Prior Work Experience
A primary concern for risk managers in securities firms tends to be potential mark to market losses on inventories of securities held by trading desks. As a result, prior experience as a trader or trading desk assistant can be invaluable for a risk manager in a securities firm. For this very reason, when Merrill Lynch led the industry by establishing the first such position on Wall Street in the wake of the 1987 market crash, the firm tapped a senior trader for this role.
There are several formal risk management certifications. They are required by a growing number of employers and may help start or advance a career in the field with other firms, but a majority of companies do not yet demand them.

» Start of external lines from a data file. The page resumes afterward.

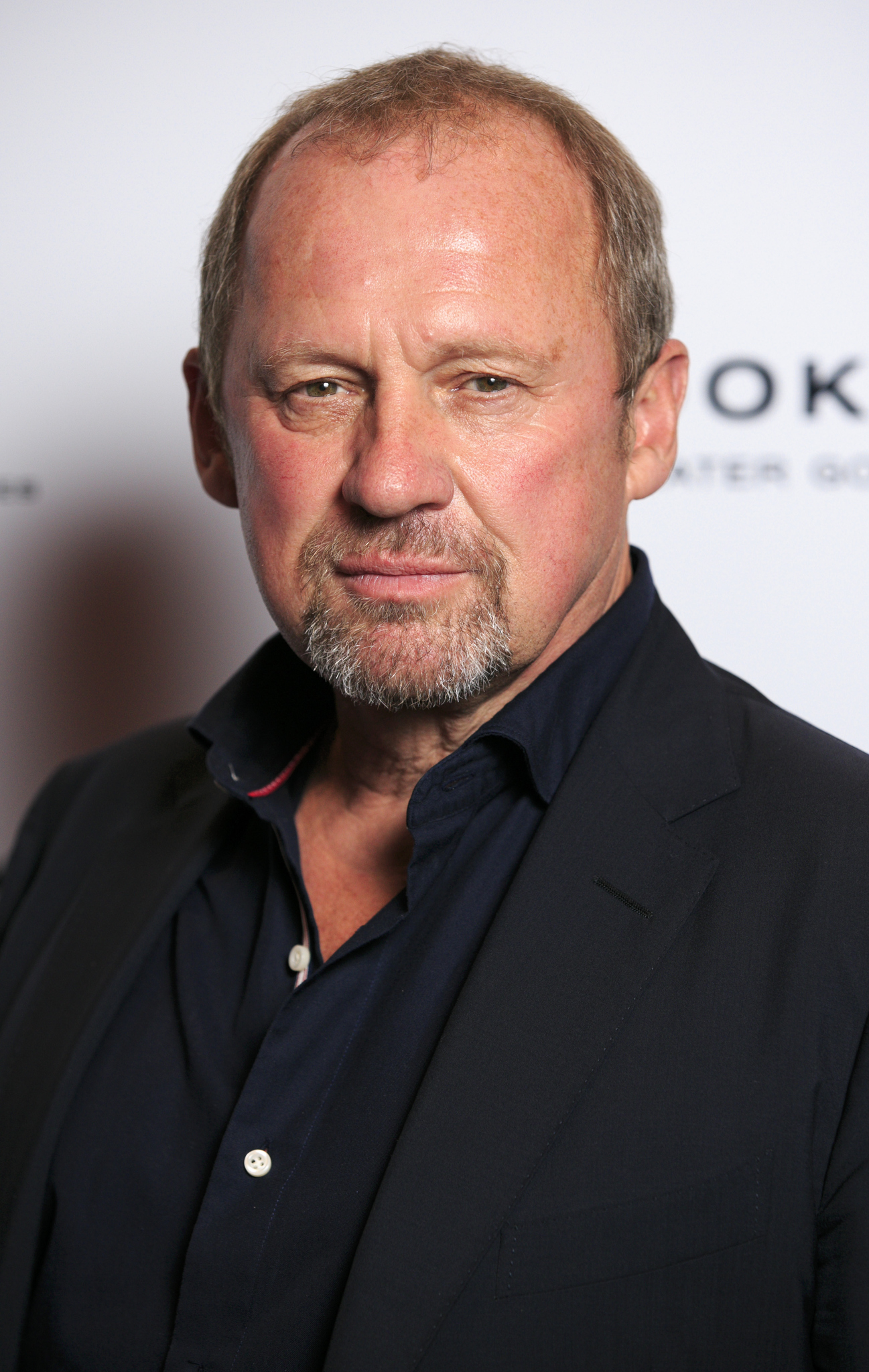 Peter Firth at event of Spooks: The Greater Good (2015)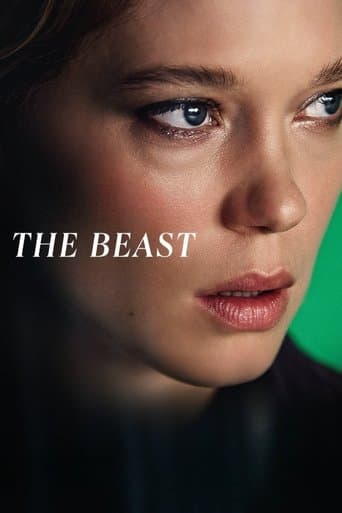 Movie poster for The Beast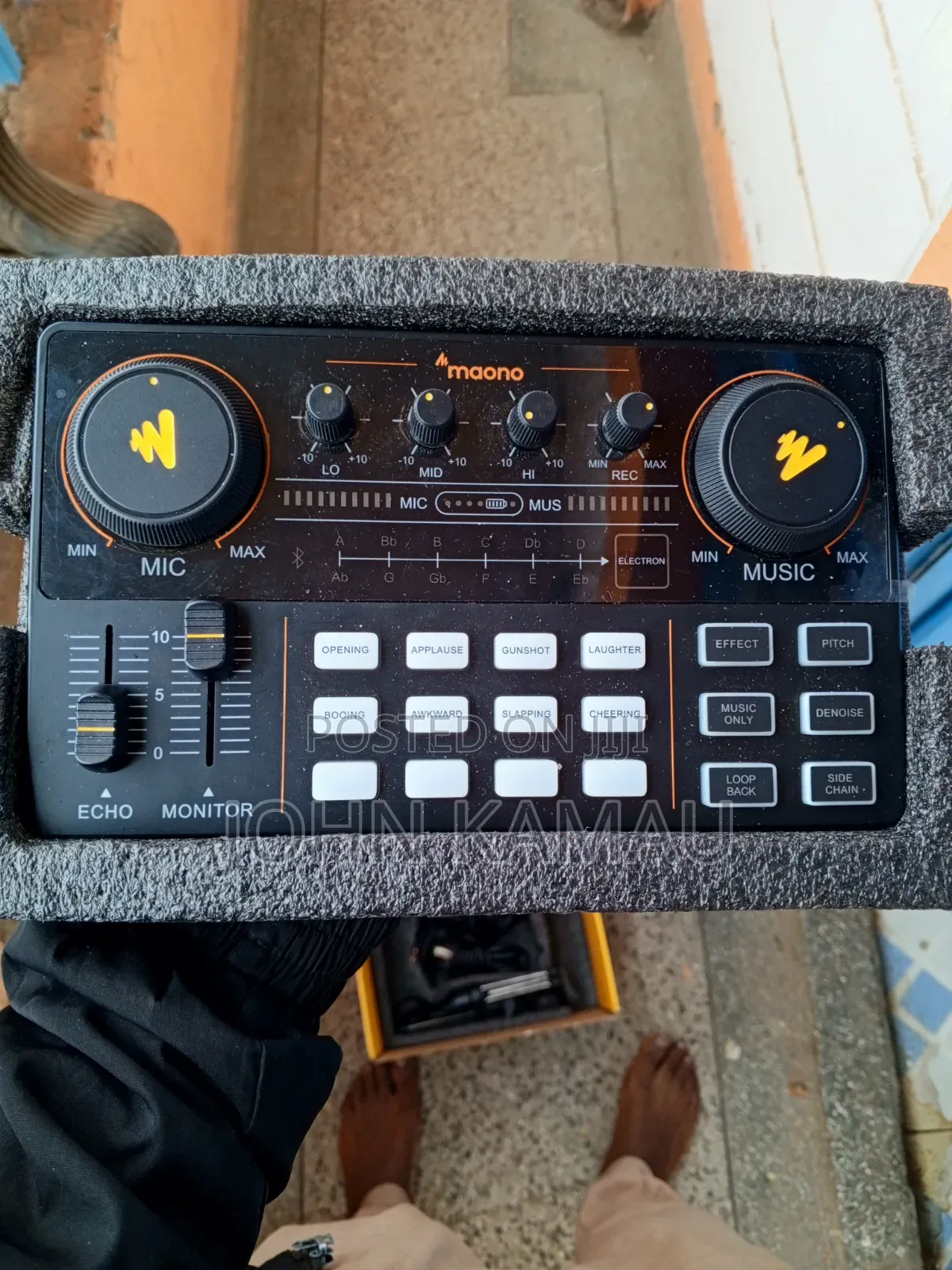 Podcast Equipments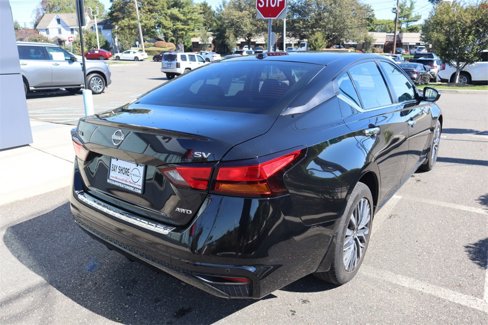 Certified 2023 Nissan Altima 2.5 SV image 6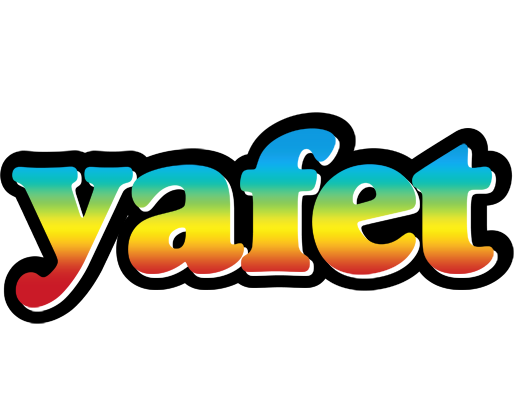 Yafet color logo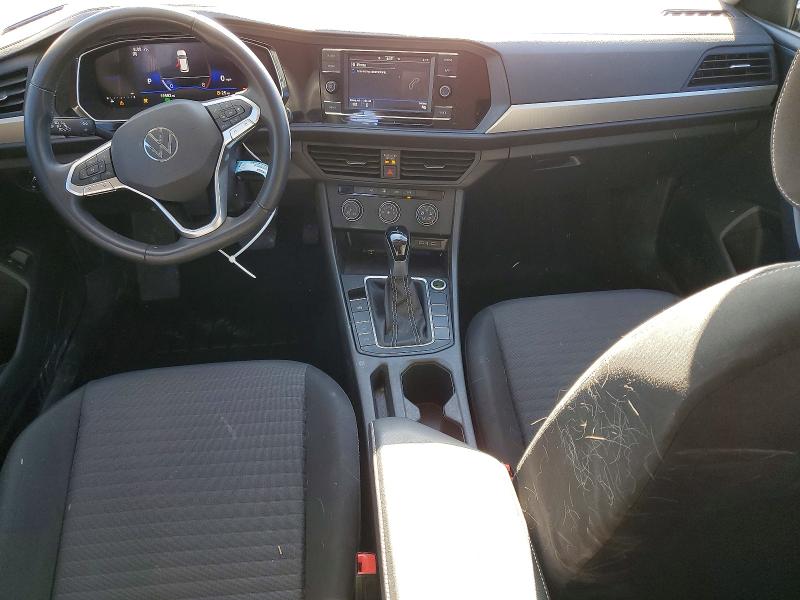 41589636 :رقم المزاد ، 3VW5M7BU3RM068836 vin ، 2024 Volkswagen Jetta مزاد بيع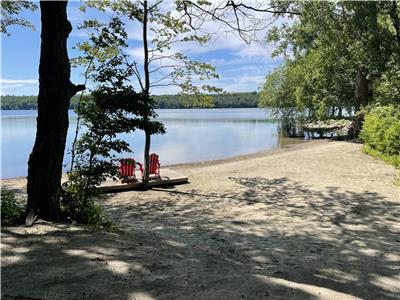 Best Waterfront prices in PEC. One of a kind! Private Sandy Beach on Warm, Clean Shallow Smiths Bay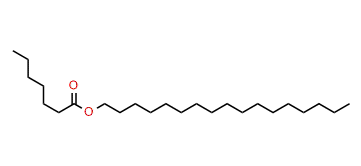 Heptadecyl heptanoate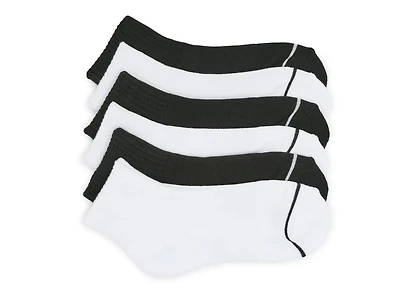 Sport Kids' Ankle Socks - 6 Pack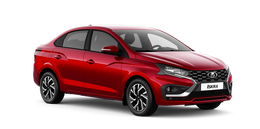 Lada Iskra Бордовый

In any case, experience in law, accounting, compliance, insurance and/or operational areas of the financial services industry are important credentials. For example, risk managers who oversee securities trading should have intimate knowledge of trading practices and procedures, knowledge that is best gained from prior experience as a trader, or as a trading desk assistant.

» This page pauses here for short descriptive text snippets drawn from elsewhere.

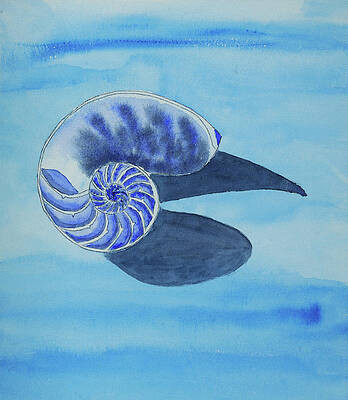 Endless Possibilities - Blue by Cynthia Schoeppel Endless Possibilities - Blue by Cynthia Schoeppel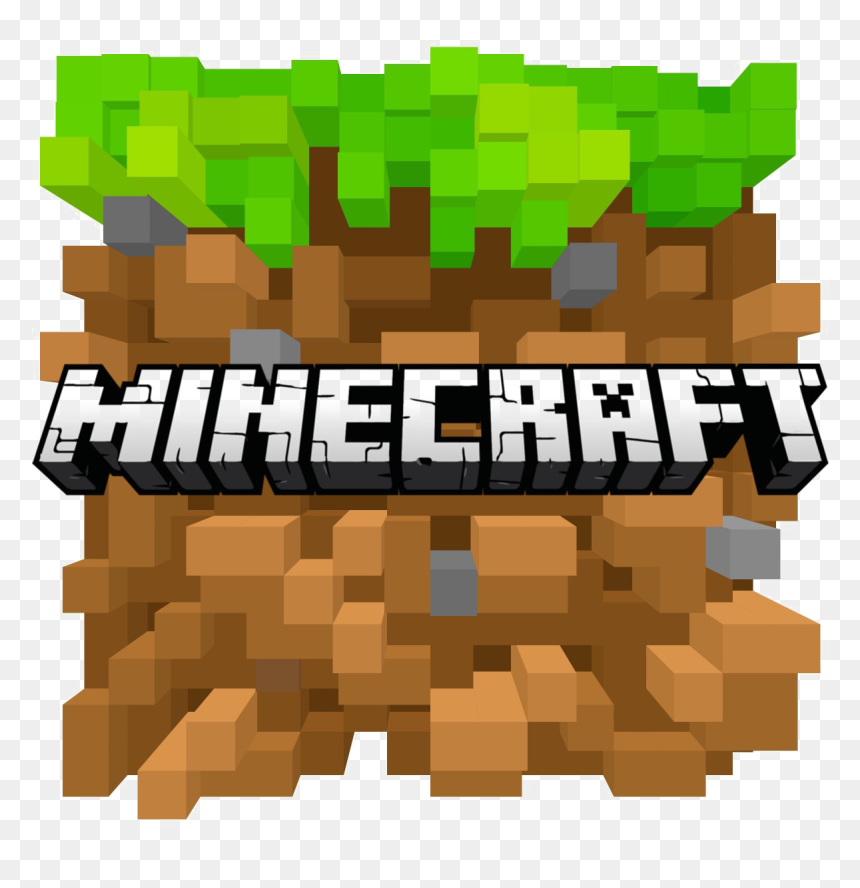 Detail Minecraft Png Logo Nomer 18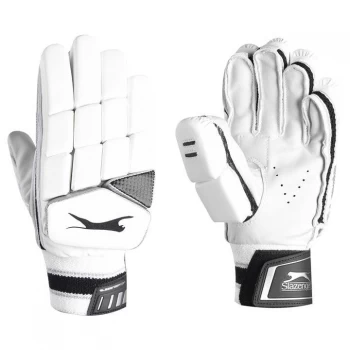 image of Slazenger Advanced Batting Gloves Juniors - Junior LH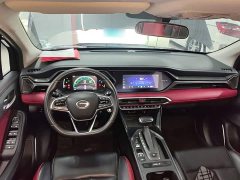 GAC Aion GS4 2022 270T Automatic Smart Navigation Edition - ფოტო 9
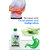 Sarv Aloe Vera Juice 1000 ml - Pure Herbal Aloe Vera Extract Rich in Fibre + No Harmful Preservatives + No Added Sugar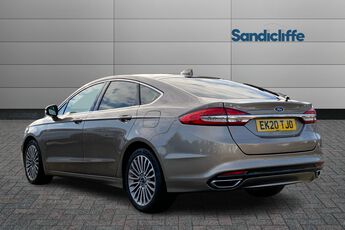 FORD MONDEO, , hi-res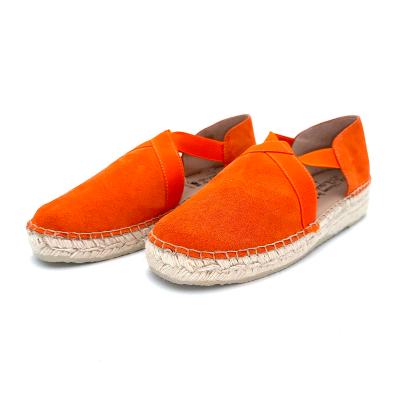 LA MAISON DE L'ESPADRILLE | Basique Orange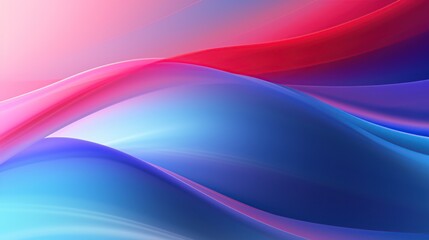 concept of the future, Neon stripes, beams as a poster background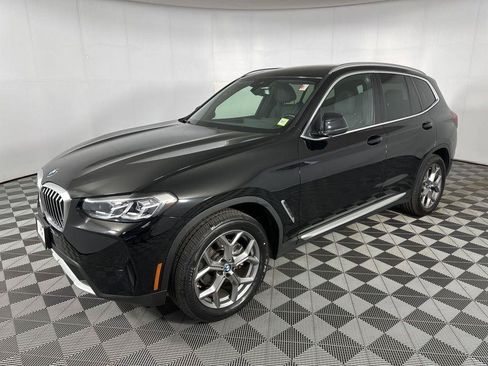 Used 2024 BMW X3 xDrive30i w/ Convenience Package AWD/4WD image 8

Duties and Responsibilities
Risk management is concerned with identifying and measuring the risks faced by the firm. Risk managers either may be generalists who cover several different areas, or specialists who concentrate on a single one. Within the financial services industry, the major categories of risk include, but are not limited to:
- Defaults on loans extended by the firm
- Losses on securities inventories held by traders
- Losses on investment securities held for the firm’s own account
- Counter-party risk (another financial firm failing in its obligations to yours)
Risk management personnel develop, implement and enforce rules and procedures designed to mitigate these risks. For example, the value of inventory held by a securities trader might be strictly limited. Risk management personnel also employ various financial instruments and contracts to control risks, such as:
- Futures contracts
- Options contracts
Data breaches and identity theft are growing problems in all industries, not just financial services. The potential exposures, from both monetary and reputational perspectives, are increasing exponentially. Accordingly, the best risk management departments and risk management professionals take active roles in setting policy regarding data security, in close partnership with their respective firms' information technology groups.

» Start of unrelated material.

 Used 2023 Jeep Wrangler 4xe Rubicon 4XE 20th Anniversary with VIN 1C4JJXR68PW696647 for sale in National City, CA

The time commitment is highly variable, dependent on the firm and the position. Since risk management is a vital function, risk managers can expect to put in work weeks that far exceed 40 hours. Moreover, during periods of high market turbulence and financial uncertainty, risk management personnel may be constantly on call.
Risk management is a crucial function and thus has a great deal of intrinsic job satisfaction. Additionally, positions in this field are well-paid and well-respected. The work can be fast-paced and stimulating.
The flipside of working in such a critical field is that the demands of the job can become overwhelming in turbulent periods for the industry or the firm, when weighty decisions may have to be made on a moment's notice. Also, the "policeman" aspect of risk management can create an unpleasant adversarial relationship with some categories of producers, especially securities traders.
Moreover, the psychology of power is such that influential people in the firm, such as members of executive management, are likely to resist playing by the rules.
The Bureau of Labor Statistics (BLS) combines risk managers with other categories of financial managers. Follow the latter link for details on pay. Within the financial services industry, however, pay packages for risk managers often far exceed the averages for financial managers in general.